Directions >>
Within the entries below, please return exactly the lines from the one with "Pernahkah Kamu Merasakan" through the one with "Bothersome Pimples", leaving out any pictures.

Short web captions

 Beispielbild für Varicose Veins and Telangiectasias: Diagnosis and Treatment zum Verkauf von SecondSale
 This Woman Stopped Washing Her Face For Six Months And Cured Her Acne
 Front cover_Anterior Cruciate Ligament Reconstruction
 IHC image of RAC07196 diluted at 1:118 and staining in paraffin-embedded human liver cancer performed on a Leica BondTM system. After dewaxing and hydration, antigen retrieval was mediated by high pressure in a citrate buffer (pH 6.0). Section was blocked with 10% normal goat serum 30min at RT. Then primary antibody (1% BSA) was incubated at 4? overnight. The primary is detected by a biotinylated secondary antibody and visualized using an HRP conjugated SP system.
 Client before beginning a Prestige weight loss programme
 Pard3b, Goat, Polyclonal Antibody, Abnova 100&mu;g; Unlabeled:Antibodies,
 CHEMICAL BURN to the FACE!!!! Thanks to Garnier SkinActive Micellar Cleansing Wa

==

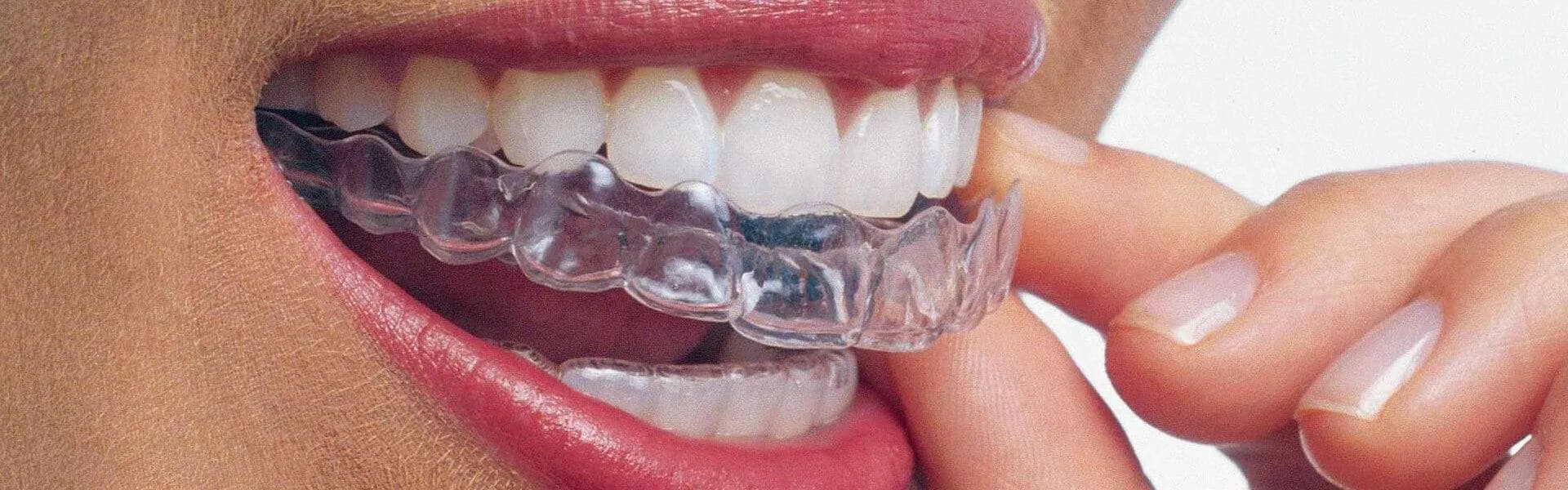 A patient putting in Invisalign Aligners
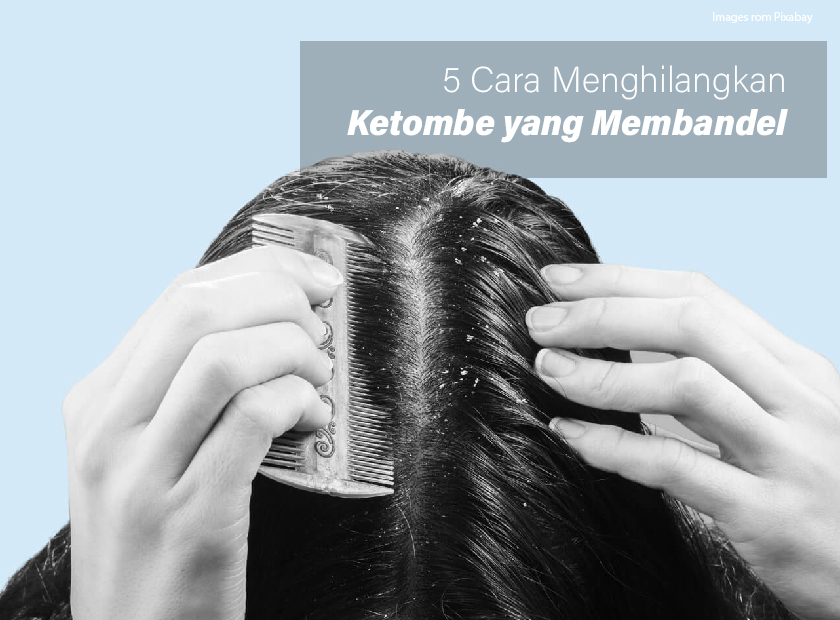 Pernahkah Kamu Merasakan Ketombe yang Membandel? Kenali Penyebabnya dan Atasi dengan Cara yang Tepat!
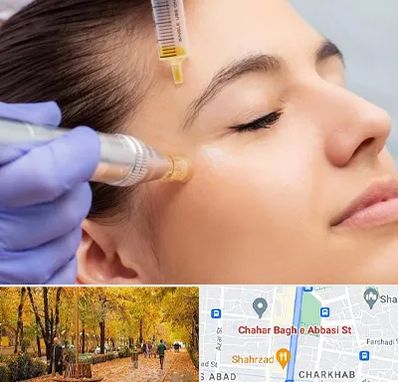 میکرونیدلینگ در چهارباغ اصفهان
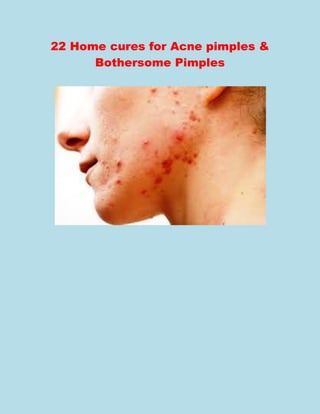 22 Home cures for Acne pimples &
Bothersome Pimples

Problem solution >>
 Pernahkah Kamu Merasakan Ketombe yang Membandel? Kenali Penyebabnya dan Atasi dengan Cara yang Tepat!
 میکرونیدلینگ در چهارباغ اصفهان
 22 Home cures for Acne pimples &
Bothersome Pimples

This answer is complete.